Come on now you pop in for one comment and that is it? Elaborate some on your comments please.
I'd really like to know what spacer he is talking about that is installed wrong. I've looked at the pistons and I don't see any spacer. I am going to get the reamers that Hughes Engines is talking about and do that to the engine. I'm also going to have new cam bearings installed the way they say to. Better safe than sorry right? I know you already had it running and if I hadn't dropped that damn piston I would most likely have put the engine back together and just installed it the way it was. But since I have it tore down I might as well make sure it will last.

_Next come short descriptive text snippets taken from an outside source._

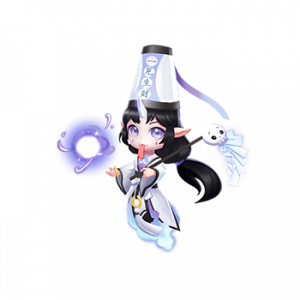 无常小白-完全体.png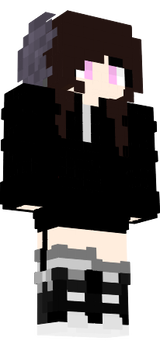 craftman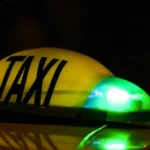 Un taxi conventionné facture 7 km à 756 € : une situation qui enflamme les réseaux sociaux.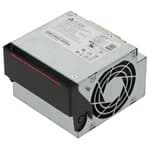 Lenovo Workstation Netzteil ThinkStation P520 P720 1000W 5P40V03173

I'd really like to know what spacer he is talking about that is installed wrong. I've looked at the pistons and I don't see any spacer. I am going to get the reamers that Hughes Engines is talking about and do that to the engine. I'm also going to have new cam bearings installed the way they say to. Better safe than sorry right? I know you already had it running and if I hadn't dropped that damn piston I would most likely have put the engine back together and just installed it the way it was. But since I have it tore down I might as well make sure it will last.
I think this is the spacer he's referring to.
Normally yes, but with certain pistons the oil control ring groove is larger than normal and a spacer is used. If you look close you can see the gap in that spacer. The spacer is kind of red / brown and it's different from the land above it.